A revolt against imperial power and war
Cillian Gillespie, Socialist Party (CWI Ireland)
This year marks the centenary of the Easter 1916 Rising against British rule in Ireland. For many working class people in Ireland this event is regarded as a key defining event in Irish history, with its participants and leaders held in high esteem.
Their actions are viewed by many as a blow to Ireland’s historic colonial masters. Over the course of one week, a small armed force took on the military might of the British Empire, which at the time constituted the largest imperial power in the world.
A significant proportion of the main forces that participated, the Irish Citizen Army and the Irish Volunteers, were working class in their composition or were drawn from the lower middle classes.
While the capitalist establishment in the South is more than willing to celebrate the rising in this centenary year, their forebears took an altogether different attitude to the events of 1916.
Nowhere is this more exemplified than in an editorial that appeared in the Irish Independent on 10 May 1916, with a picture of the great socialist leader and key participant in the rising, James Connolly, beside it, which demanded that “the worst of the ringleaders be singled out and dealt with as they deserve.”
A badly wounded Connolly was executed two days later. The paper’s proprietor, William Martin Murphy, leader of the 404 bosses that had locked out Dublin’s working class in 1913, was effectively campaigning for his execution.

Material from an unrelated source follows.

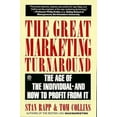 thumbnail image 1 of Pre-Owned The Great Marketing Turnaround: The Age of the Individual--and How To Profit From It (Paperback) 0452267498 9780452267497, 1 of 1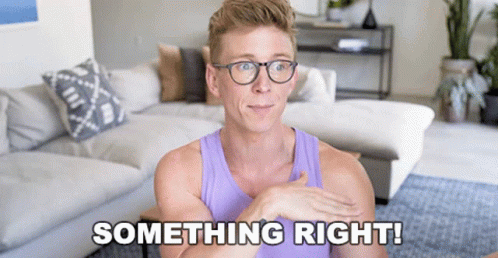 Something Right Correct GIF - Something Right Correct Keep Believing GIFs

Ultimately the rising had its roots in the oppression by British imperialism that had stretched over several centuries. This colonial oppression of Ireland had not only resulted in the denial of its right to political freedom and independence, but also its economic strangulation.
This was firstly done by destroying Ireland as a competitor to British capitalism in the aftermath of the Act of Union of 1801.
Mass emigration from Ireland, particularly in the years of the great famine of the mid-19th century, also served to create a cheap pool of labour for Britain’s industrial cities and “dark satanic mills”.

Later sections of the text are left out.